| Dataset entries |
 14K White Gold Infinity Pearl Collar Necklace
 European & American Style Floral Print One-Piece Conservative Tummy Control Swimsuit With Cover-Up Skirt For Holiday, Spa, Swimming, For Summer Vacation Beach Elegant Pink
...
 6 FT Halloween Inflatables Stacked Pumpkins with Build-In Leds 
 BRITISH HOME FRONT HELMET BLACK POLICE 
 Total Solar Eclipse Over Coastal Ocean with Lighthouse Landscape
...
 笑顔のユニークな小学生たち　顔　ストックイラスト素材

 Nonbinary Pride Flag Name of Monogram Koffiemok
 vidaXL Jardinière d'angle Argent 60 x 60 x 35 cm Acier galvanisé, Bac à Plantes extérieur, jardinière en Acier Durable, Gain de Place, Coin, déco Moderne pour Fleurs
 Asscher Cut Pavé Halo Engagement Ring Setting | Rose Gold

| Problem to solve |
Scan the records above for the lines holding "14K White Gold" and "European & American". Transcribe those two and every line between them word for word, and no others.

| Response to the exercise |
 14K White Gold Infinity Pearl Collar Necklace
 European & American Style Floral Print One-Piece Conservative Tummy Control Swimsuit With Cover-Up Skirt For Holiday, Spa, Swimming, For Summer Vacation Beach Elegant Pink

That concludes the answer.